Today’s GDP data brought some ‘good’ news for the beleaguered residents of the UK: the economy managed to grow by 0.6% between April and June of this year. That was the strongest pace of growth since the third quarter of 2012, which in turn was driven by odd factors like the extra Bank Holiday and the statistical treatment of Olympic ticket sales. Abstracting from these funnies, the last time growth was stronger was three years ago, at the time of the 2010 election.
It is somewhat depressing that these data will probably be hailed as ‘good’ by so many people. Yes, it is nice that the economy is growing, and especially so given that all major sectors contributed to growth. But let’s please have a little context.
First, 0.6% growth is not strong – it is normal. That is basically the average pace that the UK has grown at for at least the past 160 years. To describe it as ‘strong’ only indicates the scale of the disaster we’ve seen over the past three years.
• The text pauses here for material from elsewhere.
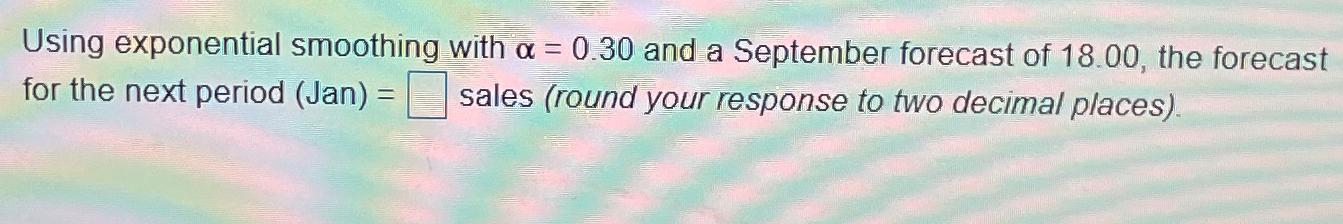  Using exponential smoothing with =0.30 and a September forecast of 18.00,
Second, even after today’s figures, we still have a long way to go. The economy is still more than 3% smaller than it was at the start of 2008, and around 15% below its pre-crisis trend. The financial crisis, and subsequently austerity, have left lasting scars on national income and we are all worse off as a result and probably will be forever. In particular, compared with official forecasts from 2010, recent research from the University of California suggests that around 60% of the UK’s recent malaise is due to austerity, not the euro crisis or other factors. Mr Osborne, take a bow. Despite that, the Chancellor is relishing the prospect of even more spending cuts after the election.
The right interpretation for today’s data is cautious optimism at best. Unlike past spurts of growth, which have felt all too shaky, there is a growing sense that the UK may avoid lurching backwards this time around. The US is currently going through a soft patch associated with fiscal austerity – but that should ease by the end of this year, and private sector growth there looks increasingly robust. There has even been some better news from Europe recently, suggesting the economy there might just turn the corner before the end of the year. But downside risks clearly remain – in particular, the recent fall in households’ saving looks a bit troubling. We are not out of the woods yet.
The economy may finally now be genuinely mending. But policymakers should still be ashamed of their performance over the past three years. We should not easily forgive or forget that.